1. Common historical forces. Most APAs can date our larger pattern of immigration to the United States after the 1840s. Many of our ancestors were pushed out of their native countries because of poverty, political strife, and/or colonization. Many were also attracted by the American Dream.
Unfortunately, our early immigrants were greeted by exclusion laws or, at the very least, long immigration wait lines. Some later found a quicker passage by serving in the U.S. armed forces. Others gained admission through an American college entrance exam. But most were finally able to come through the 1965 immigration laws, especially the Family Reunification Act.
2. Common patterns of historical discrimination by members of the host society. According to University of California (UC) Santa Barbara Asian American Studies Professor Sucheng Chan, historically, nearly all APAs confronted several types of hostilities in the United States, ranging from racial prejudice and economic discrimination to physical violence and incarceration.
Even now, many fellow Americans regard us as perpetual foreigners, all too often asking us or other people of color, but not those of European descent, “What are you?” “Where are you from?” “No, where are you really from?”

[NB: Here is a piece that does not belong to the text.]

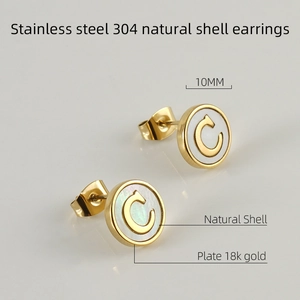 Detail of 10mm stainless steel earrings with white shell and golden letter C design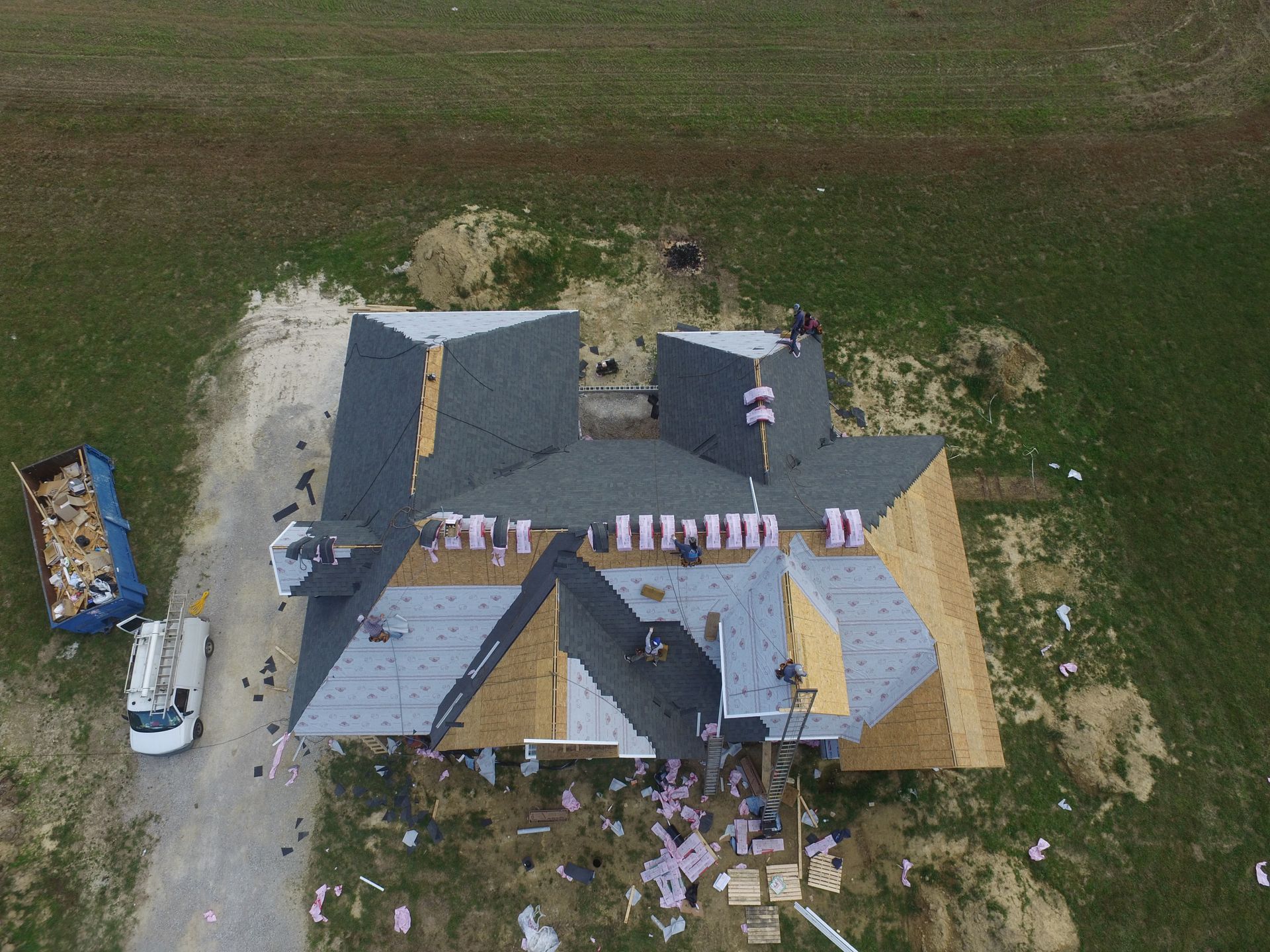 An aerial view shows workers on the roof of a house under construction, with materials, a dumpster, and a truck below.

3. Common responses to inequality and discrimination. Traditionally, as APAs were either de jure or de facto segregated from white America, we had to rely on our co-ethnics for support. At an institutional level, for American Samoans, for example, this survival and support are probably best represented by the Samoan Chief Council and the Samoan Congregational Church that provide an extended family within a spiritual setting.
In the public arena, providing support for one another has inspired APAs to fight against injustice. This fight is exemplified by the evolution of the Japanese American Citizens League, which successfully gained an apology and reparations from the U.S. government for the World War II internment order.

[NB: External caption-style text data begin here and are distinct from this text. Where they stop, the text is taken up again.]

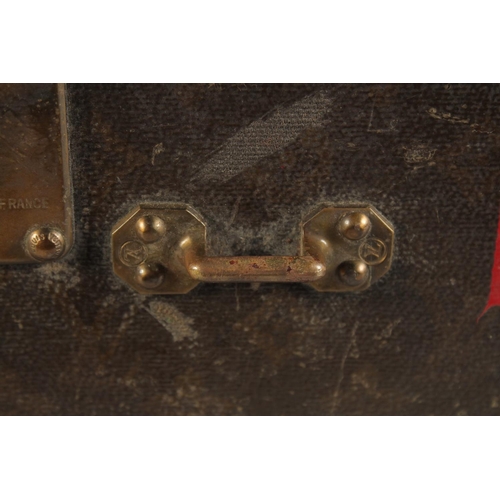 1512 - A LOUIS VUITTON SUITCASE. No. 821055, with Louis Vuitton label. Brass lock no.108381. Handle missing... 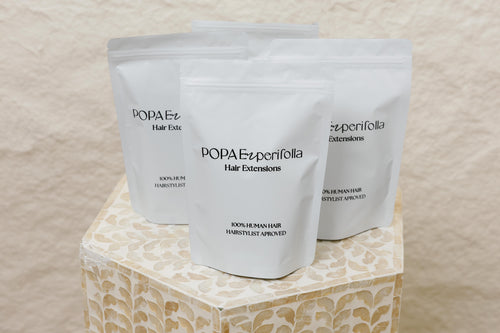 Primer plano de empaques de extensiones de cabello 100% humano Popa Emperifolla - Popa Emperifolla Beauty Studio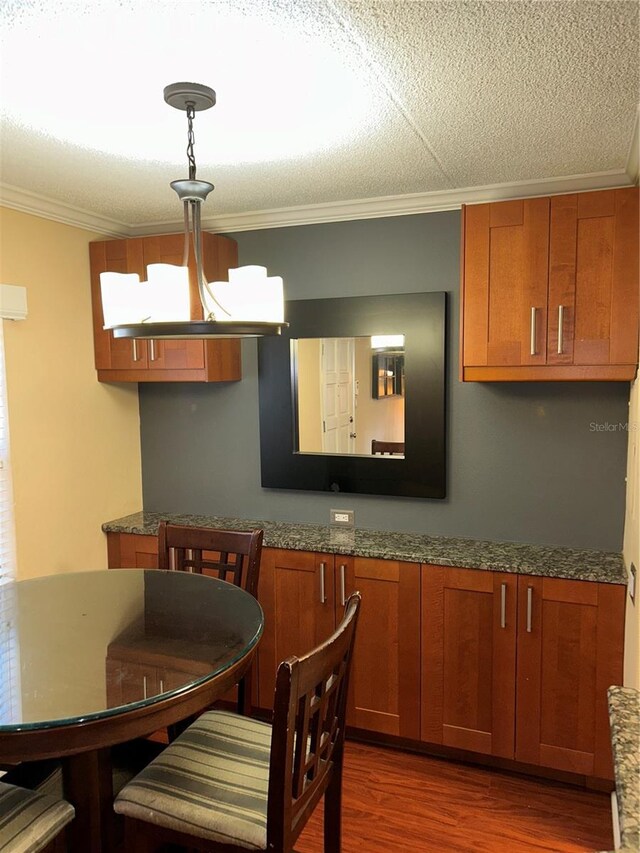 dining room with dark wood-style floors, a textured ceiling, and ornamental molding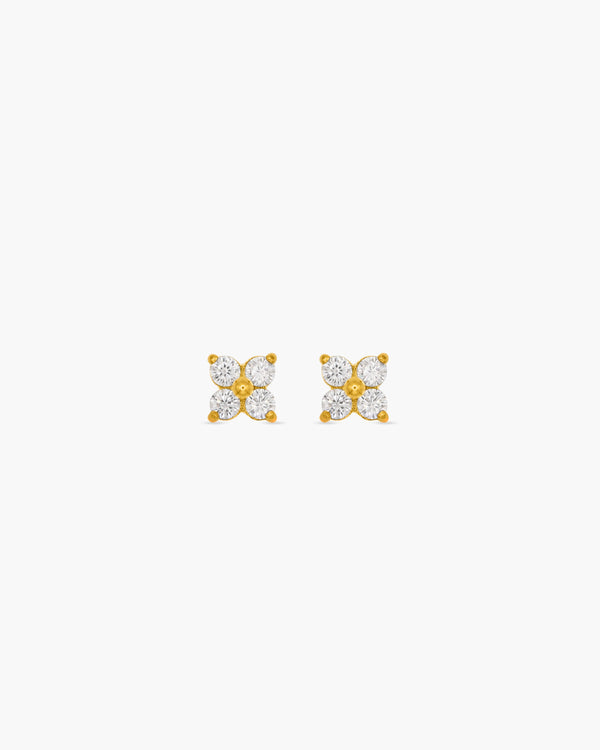 Pair of gold earrings with diamond-like stones on a white background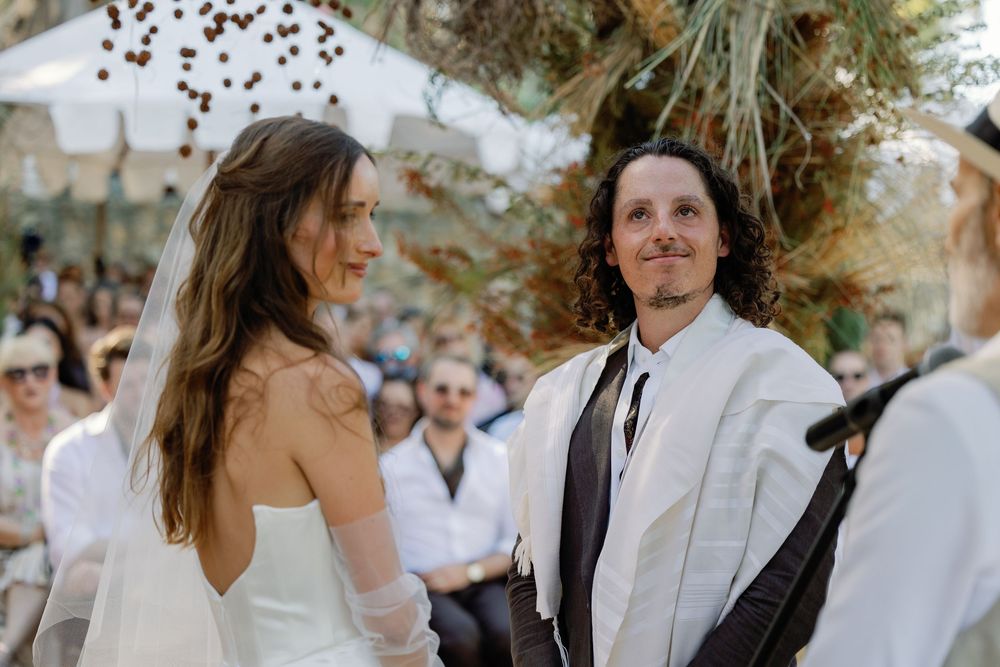Groom in white tallit smiling at bride during outdoor Jewish wedding ceremony under chuppah.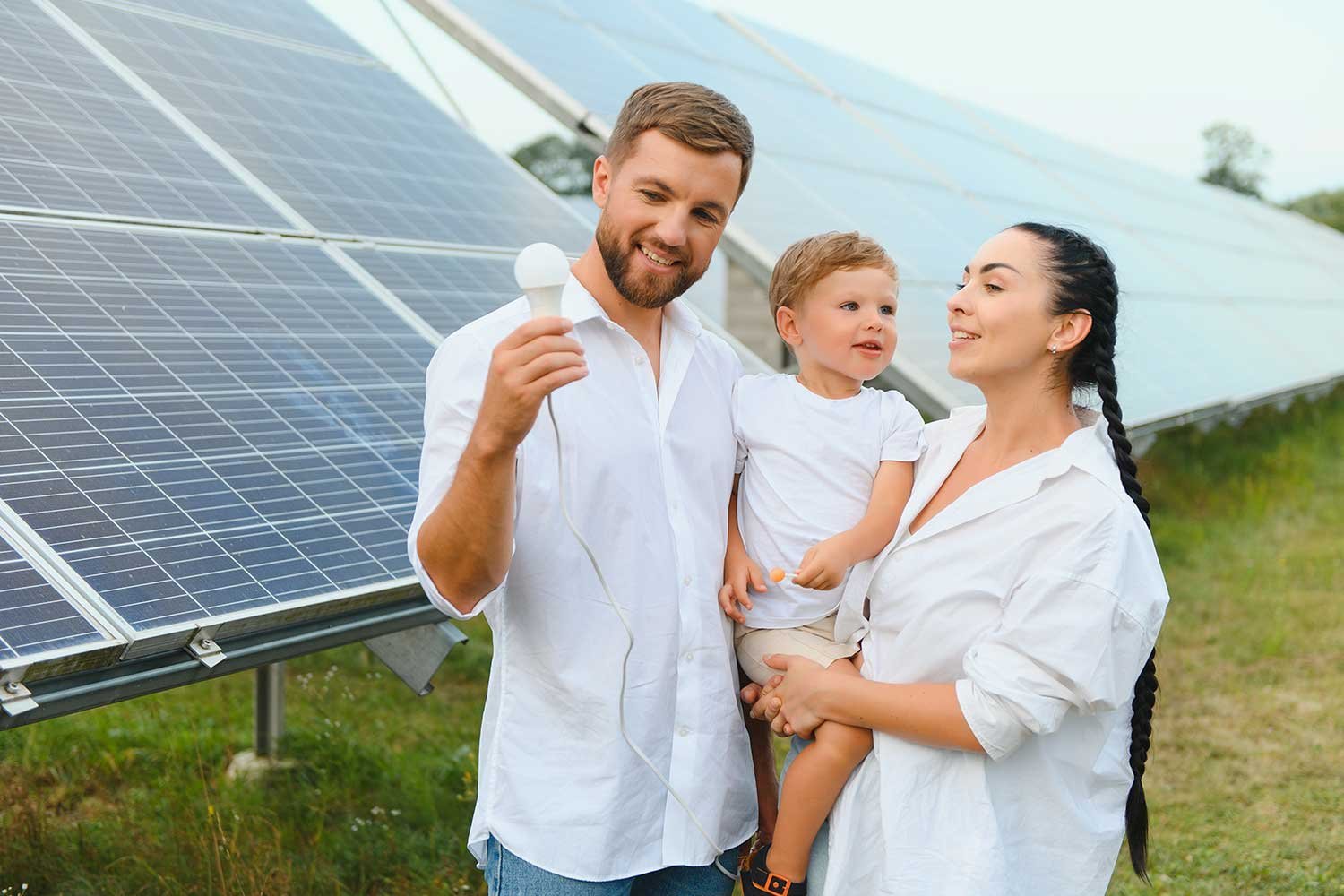 a-young-happy-family-is-standing-near-solar-panels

This support is also seen in the creation of “rotating credit systems” by APAs. When banks would not provide loans, APA immigrants helped create the grocery stores, restaurants, and other businesses through the hui, tanomoshi, kye/gei. We came together and provided community loans when others would not.
4. Common ignorance. Unfortunately, another commonality is the relative ignorance most Americans have about the APA experience. The late UC Berkeley Professor, Ronald Takaki, once wrote that APAs have a rich “Buried Past” and “Present.” Despite all of our contributions, many in the United States fail to recognize our presence – even when we win acclaim.
While we are rightfully proud of those that achieved some fame, we should not forget the accomplishments of our “everyday” APAs.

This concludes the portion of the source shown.